The sculpture incorporates the trees in the location, drawing attention to the space, and perhaps changing the way a person would look at it. The simple shapes in green suggest leaves, tree growth, seed pods and natural forms. The sculptor intends for the pieces to recede in prominence during the summer, and then reappear as the leaves change color and drop in fall and winter.
Mayo Mac Boggs is a professor of art and department chair at Converse College. His work appears in numerous collections throughout the United States, including the presidential libraries of Gerald Ford and Jimmy Carter.
Well known for his abstract paintings, steel sculptures, bronze work, computer graphics and architectural designs, Boggs continues a family tradition of ironwork. His great grandfather was a blacksmith; both grandfathers and his father were welders and steelworkers. A graduate of the University of Kentucky, he earned his M.F.A. degree from the University of North Carolina at Chapel Hill. He has taught undergraduate and graduate courses at Converse College since 1970.
Boggs’ sculpture group is a gift to the college from Wofford professors Linda Powers, Ana María Wiseman and Dennis Wiseman, and retired Wofford professor Victor Bilanchone. Wofford College will host a formal welcome to the sculpture early in the fall term.

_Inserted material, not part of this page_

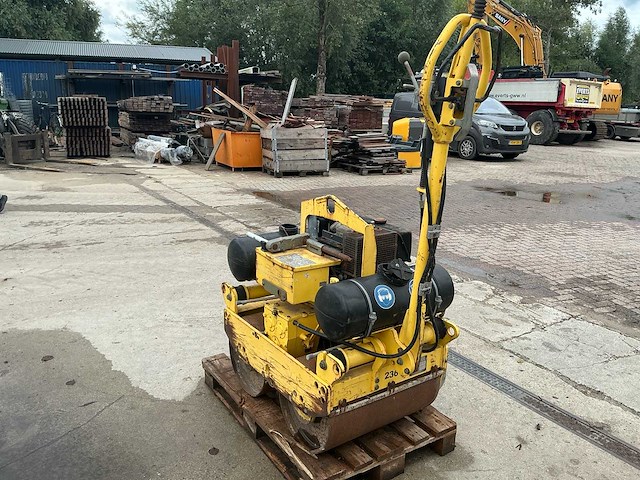 2095 bomag bm 65 s-2 grondwals - afbeelding 5 van  8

This new work joins a growing collection of traditional and contemporary sculptures on the Wofford campus:
Architect and artist Harold Krisel’s stainless steel trident fountain in Butler Circle near the Papadopoulos and Olin Buildings was added in 1987. Krisel worked with Skidmore, Owings & Merrill, whose firm designed the Milliken Research Center in Spartanburg. At the Milliken site, Krisel had contributed a spray pond to serve as a heat exchanger for the air conditioning. Instead of a functional-only piece, he designed a sculptural series of fountains to do the work. Based on that success, Roger Milliken asked him to design the fountain at Wofford.
“Light,” a bronze sculpture by Pennsylvania sculptor Charles Parks, joined the collection in 1990 and is located on the Library plaza. Mr. and Mrs. Bill Kinney donated the work in memory of their son, and in honor of all Wofford students.
In 2003, Wofford cleaned up a vine-choked ravine off Cumming Street, creating the Liberty Trail. Running alongside the trail is “Cascading Steps,” an environmental work created by Rick Webel. Water flows over 37 granite steps and falls into a pool. The sculpture was given in tribute to retired Wofford English and theatre professor James R. Gross; the number of steps represents the number of years he was at Wofford.
Winston Wingo’s “Botanical Construction,” made of welded steel with wood, is located near a path leading from the locker rooms to Gibbs Stadium. Originally part of the "Tribute to Trees" exhibition on campus, this sculpture became known as "The Broadax" and was adopted as a symbol for the defensive line of the very successful Wofford football team in the fall of 2003.
Allyn Steele’s “Sister Kate and Baby Alex” of welded and painted steel was added in 2005 near the entrance to the Raines Center. Steele, a 2005 Wofford graduate, was the 2003-04 Presidential International Scholar.
“Fountain Wings” by current Wofford student William Mabry was installed in the entrance fountain in May. The sculpture proved so popular that Wofford alumnus Johnny Linton ’70 purchased the piece to donate to the college. The work is now being refinished for long-term display and will return to the fountain by early fall.
During the coming fall, the college will accept a new bronze sculpture of a terrier as a gift of the class of 1956. The sculpture is being created by artist Carl McCleskey of Cloudland, Ga. A nationally successful artist, McCleskey is perhaps best known for the two heroic figures of lions at the entrance to the Audubon Zoo in New Orleans.